Liu Guoyun, Li Manzhi, Wang Hongtao, Lin Shijun, Xu Junlin, Li Ruixi, Tang Min, Li Chun
School of Mathematics and Statistics, Hainan Normal University, Haikou, China.
Key Laboratory of Data Science and Smart Education, Ministry of Education, Hainan Normal University, Haikou, China.
Front Genet. 2022 Jul 1;13:912711. doi: 10.3389/fgene.2022.912711. eCollection 2022.
A single-cell sequencing data set has always been a challenge for clustering because of its high dimension and multi-noise points. The traditional K-means algorithm is not suitable for this type of data. Therefore, this study proposes a Dissimilarity-Density-Dynamic Radius-K-means clustering algorithm. The algorithm adds the dynamic radius parameter to the calculation. It flexibly adjusts the active radius according to the data characteristics, which can eliminate the influence of noise points and optimize the clustering results.
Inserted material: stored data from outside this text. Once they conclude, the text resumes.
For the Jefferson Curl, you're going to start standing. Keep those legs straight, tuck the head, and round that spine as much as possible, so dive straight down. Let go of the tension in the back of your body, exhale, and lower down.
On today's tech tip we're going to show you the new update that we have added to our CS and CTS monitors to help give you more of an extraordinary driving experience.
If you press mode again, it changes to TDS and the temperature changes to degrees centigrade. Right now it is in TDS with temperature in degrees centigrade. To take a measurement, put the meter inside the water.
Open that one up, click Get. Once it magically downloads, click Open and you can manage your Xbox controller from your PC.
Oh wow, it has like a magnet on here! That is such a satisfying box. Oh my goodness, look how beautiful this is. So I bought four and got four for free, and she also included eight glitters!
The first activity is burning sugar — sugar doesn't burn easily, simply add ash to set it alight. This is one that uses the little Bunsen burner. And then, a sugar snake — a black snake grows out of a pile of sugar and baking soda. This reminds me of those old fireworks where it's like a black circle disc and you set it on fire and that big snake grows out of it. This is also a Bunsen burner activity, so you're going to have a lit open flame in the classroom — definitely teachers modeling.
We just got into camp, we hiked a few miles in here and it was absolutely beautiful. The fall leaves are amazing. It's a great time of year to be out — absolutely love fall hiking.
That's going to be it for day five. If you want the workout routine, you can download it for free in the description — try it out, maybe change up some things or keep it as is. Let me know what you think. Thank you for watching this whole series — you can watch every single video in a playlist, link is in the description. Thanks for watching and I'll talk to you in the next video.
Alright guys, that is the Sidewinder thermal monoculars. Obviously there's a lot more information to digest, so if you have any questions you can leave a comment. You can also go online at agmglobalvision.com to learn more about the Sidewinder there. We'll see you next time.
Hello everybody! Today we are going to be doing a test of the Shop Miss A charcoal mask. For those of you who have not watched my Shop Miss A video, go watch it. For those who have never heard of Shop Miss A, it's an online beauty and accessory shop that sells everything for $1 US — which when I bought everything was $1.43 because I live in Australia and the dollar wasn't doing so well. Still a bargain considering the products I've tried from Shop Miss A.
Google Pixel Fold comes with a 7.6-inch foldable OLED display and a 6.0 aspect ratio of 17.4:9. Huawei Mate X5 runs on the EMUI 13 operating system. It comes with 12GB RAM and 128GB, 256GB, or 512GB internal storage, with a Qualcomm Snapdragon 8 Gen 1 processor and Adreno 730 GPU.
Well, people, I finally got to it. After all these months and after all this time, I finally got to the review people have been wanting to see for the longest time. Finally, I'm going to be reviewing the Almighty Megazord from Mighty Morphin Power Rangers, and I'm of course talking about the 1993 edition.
At the same time, the algorithm calculates the weight through the dissimilarity density of the data set, the average contrast of candidate clusters, and the dissimilarity of candidate clusters. It obtains a set of high-quality initial center points, which solves the randomness of the K-means algorithm in selecting the center points. Finally, compared with similar algorithms, this algorithm shows a better clustering effect on single-cell data. Each clustering index is higher than other single-cell clustering algorithms, which overcomes the shortcomings of the traditional K-means algorithm.
由于单细胞测序数据集具有高维度和多噪声点的特点,对其进行聚类一直是一项挑战。传统的K均值算法不适用于这类数据。因此,本研究提出了一种差异-密度-动态半径-K均值聚类算法。该算法在计算中添加了动态半径参数。它根据数据特征灵活调整活动半径,能够消除噪声点的影响并优化聚类结果。同时,该算法通过数据集的差异密度、候选聚类的平均对比度和候选聚类的差异来计算权重。它获得了一组高质量的初始中心点,解决了K均值算法在选择中心点时的随机性问题。最后,与类似算法相比,该算法在单细胞数据上表现出更好的聚类效果。每个聚类指标都高于其他单细胞聚类算法,克服了传统K均值算法的缺点。